There is also the suggestion of an economic distinction between China’s Smithian approach (i.e. the division of labor and specialization) and Europe’s decision of Schumpeterian economic growth (i.e. a continuous increase in productivity with the addition of capital in forms of technology) which fits in with the availability of labor and the shortage of land in the East, versus the availability of land and the shortage of labor in the West.
The general argument, therefore, as to why Europe was able to gain an unassailable lead, regardless of approach, shows some remarkably consistent features:
- The fall of the East and the foundations of the rise of the West
- The New World and the creation of early-modern mercantile empires which created proto-capitalist systems throughout the world, including in Europe and Asia.
- The Industrial Revolution and the shift from organic economies to inorganic ones, saw characteristics of the pre-industrial world accelerated and saw Europe rise to the fore much more quickly than Asia.
In short, Europe was in the right place, at the right time, with the right circumstantial history, and the right systems in place that when the Industrial Revolution happened, its hegemony was cemented.
Sources: All the historians I mentioned above are brilliant (except Landes). Otherwise, for a really good history, see John Darwin’s After Tamerlane: The Rise and Fall of Global Empires 1400-2000 – I cannot recommend it enough!
“In short, Europe was in the right place, at the right time, with the right circumstantial history, and the right systems in place that when the Industrial Revolution happened, its hegemony was cemented.”

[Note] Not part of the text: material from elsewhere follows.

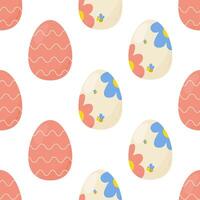 Seamless pattern easter eggs with flowers. Vector illustration. For your design, wrapping paper, fabric.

This conclusion takes a very Jared Diamond-esque position that somehow European dominance was the result of luck and happenstance and completely removes the ambition, ability and all other human elements from the result. The Industrial Revolution didn’t just “happen”; Europe was responsible for it. And, much like Diamond, you fail to realize that homogeneity plays a larger role in a society’s success than does serendipity. One only needs to observe the creeping downfall of contemporary Europe due to the increase in external and incongruent cultural values and norms to grasp the importance of this variable.
i agree one hundred percent. This PC garbage that Ethnic European people had absolutely no role in their own success is no surprise given the kind of propaganda we’ve been inundated with for the last decade.